Sydnee Lyons, a second-year graduate student at Florida Atlantic University, notes that the first meal of the day is the key to her energy upkeep. “What's really been working is having a good breakfast before I do anything else,” she says. “I usually have oatmeal or toast, with a homemade fruit bowl and smoothie on the side.”

Hall suggests a nutrition-packed smoothie. “The green smoothie is my number one go-to for energy throughout the day,” she says. “Anything that’s green that you eat is full of oxygen in the form of chlorophyll … [I]t’s basically stored energy.”

4. Catch some Zzz's

Being the busy collegiettes that we are, getting a good night’s sleep isn’t always an option. When you feel your eyes getting drooping in the late afternoon, opt for a quick midday nap.

“Generally less than 45 minutes is suggested [for a nap],” says Chiu. “This provides your brain the rest it needs to spring back into action. Longer naps will make you more tired because of the different stage of sleep you’ll be waking up from.

“I'm lucky enough to work at a company that encourages quick naps if that's what you need,” says Kayla. “I take advantage of [them] usually once a week.”

Related: 17 Things Only People Who Live For Napping Will Understand

5. Get moving

Although it’s pretty counterintuitive, the reason you are exhausted AF could actually be because you haven’t gotten your blood flowing in hours.

“Getting up and taking a walk always helps! It gets your energy flowing and refreshes you,” says Rachel Petty, a senior at James Madison University. Alaina agrees, saying, “I recommend taking a walk, especially if you can get outside even for 15 to 20 minutes.”

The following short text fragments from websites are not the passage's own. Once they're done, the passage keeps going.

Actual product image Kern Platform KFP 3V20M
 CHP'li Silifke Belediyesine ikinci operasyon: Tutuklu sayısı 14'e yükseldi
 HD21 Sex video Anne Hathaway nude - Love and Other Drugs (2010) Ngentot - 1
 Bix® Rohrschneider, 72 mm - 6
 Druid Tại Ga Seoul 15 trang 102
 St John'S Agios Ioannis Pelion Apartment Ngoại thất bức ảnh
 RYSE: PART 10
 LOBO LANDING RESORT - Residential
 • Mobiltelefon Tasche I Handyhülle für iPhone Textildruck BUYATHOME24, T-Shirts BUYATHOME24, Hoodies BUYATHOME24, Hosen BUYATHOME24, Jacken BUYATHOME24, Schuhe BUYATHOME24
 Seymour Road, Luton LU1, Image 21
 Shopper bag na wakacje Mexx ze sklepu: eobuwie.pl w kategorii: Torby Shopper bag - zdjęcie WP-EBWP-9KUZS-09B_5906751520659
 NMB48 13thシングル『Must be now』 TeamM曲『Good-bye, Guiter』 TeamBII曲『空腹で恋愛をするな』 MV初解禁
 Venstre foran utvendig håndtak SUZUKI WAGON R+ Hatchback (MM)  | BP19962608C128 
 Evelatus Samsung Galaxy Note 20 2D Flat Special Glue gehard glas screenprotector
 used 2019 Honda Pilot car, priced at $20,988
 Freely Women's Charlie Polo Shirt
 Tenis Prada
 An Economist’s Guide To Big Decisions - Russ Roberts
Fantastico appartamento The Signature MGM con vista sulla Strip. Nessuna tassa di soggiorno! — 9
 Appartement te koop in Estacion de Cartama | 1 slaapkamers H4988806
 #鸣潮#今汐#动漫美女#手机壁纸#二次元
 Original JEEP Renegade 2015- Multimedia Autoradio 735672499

“Energy production involves the mitochondria in your body,” says Chiu. “Getting more exercise sends signals to your body to make more mitochondria, which in turn helps your body make more energy.” She recommends heading outside, as sunshine is known to boost serotonin, your body’s natural happy hormone.

The next time you find yourself reaching for the coffee pot, try out these some of these natural tips to pump up your energy. You may be able to finally say goodbye to long lines waiting for a double espresso and caffeine-withdrawal headaches!